De acordo com Faria da Silva, interação social não é problema para seus filhos enquanto existe espaço de brincadeiras no prédio, convivência social na igreja e até mesmo na rua, com monitoramento dos pais. “Por volta dos 15 anos, quando eles terão vínculos sociais sem uma supervisão tão intensa pela parte do pai e da mãe, é que pretendo colocá-los no ensino formal. A partir deste momento, ele ganha outra dimensão”, diz o professor.
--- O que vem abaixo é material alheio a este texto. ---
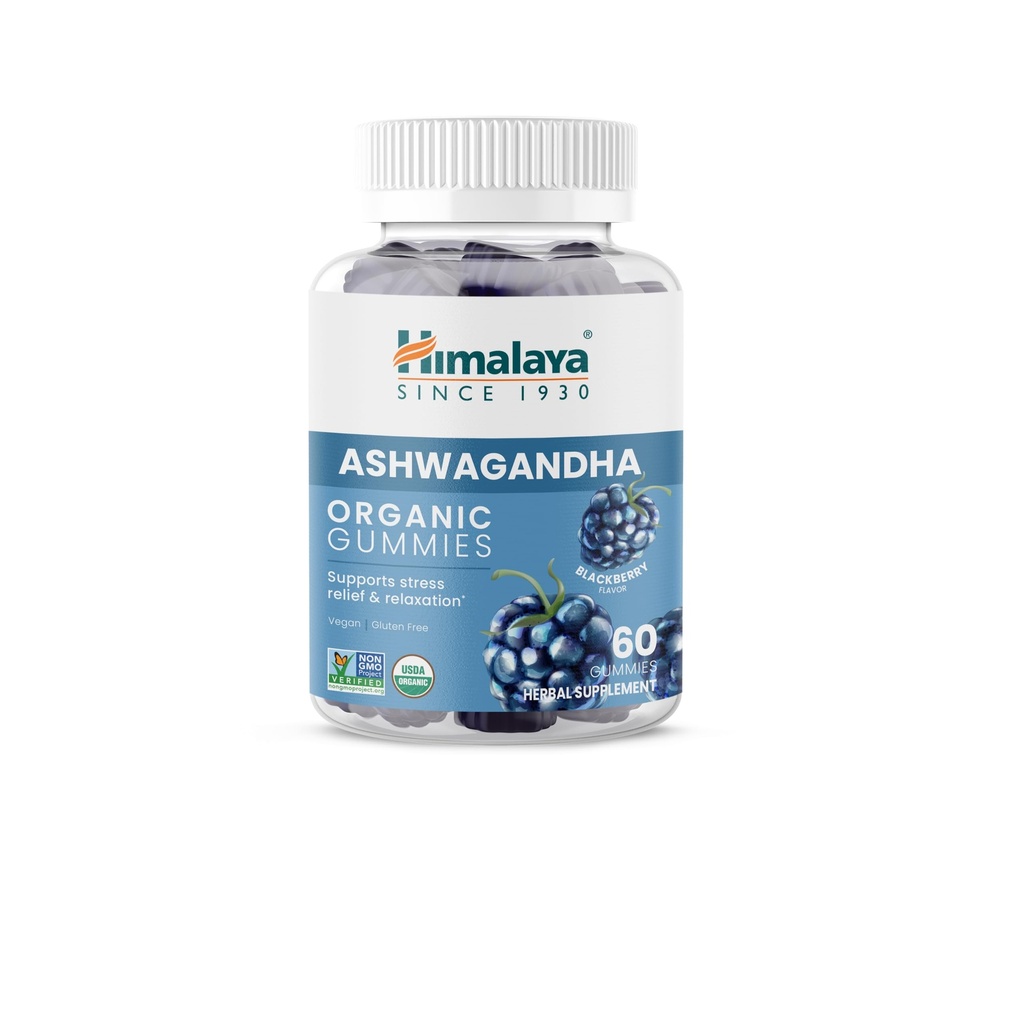 Himalaya Ashwagandhaオーガニックグミー、KSM-66オーガニックアシュワガンダは、ストレスの軽減、エネルギーとリラックス、おいしいブラックベリー風味の60ガミーを支援
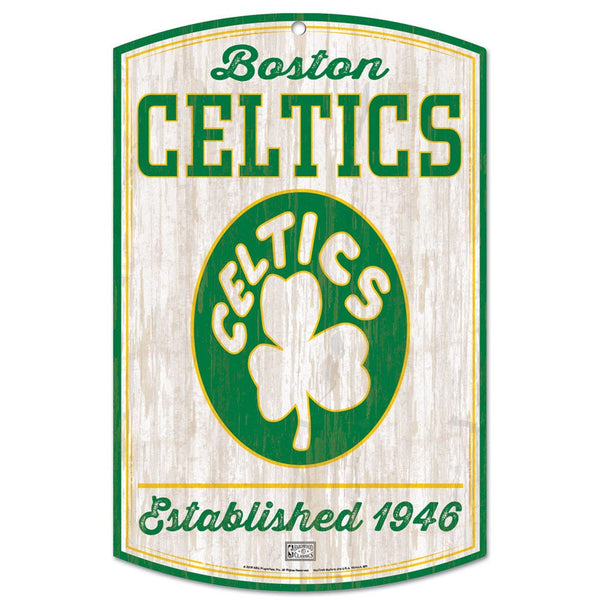 Boston Celtics Hardwoods Wood Sign 11" x 17" 1/4" thick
À medida em que seus filhos forem se tornando mais autônomos, Faria da Silva planeja inseri-los em uma convivência social maior, sem a supervisão parental. “Além do mais, eles precisarão se preparar para o nível superior num patamar de especialização que nós, eu e minha mulher, não podemos oferecer”, observa.

De olho na fechadura

De acordo com a deputada Nilmar Ruiz, o modelo adotado pelo Estado é a educação como obrigação do Estado e participação da família, já que a escola não trata somente da educação cognitiva, mas também social e emocional. Para a diretora pedagógica Edimara de Lima, no entanto, a lei não deveria fechar as portas para a educação domiciliar, nem tampouco escancará-las. “Não acredito que somente pedagogos podem dar aulas. Meus receios quanto em relação à educação domiciliar, além da questão social, seria de que isso poderia satisfazer necessidades não-saudáveis de algumas famílias, como aquelas que são essencialmente discriminatórias”, revela.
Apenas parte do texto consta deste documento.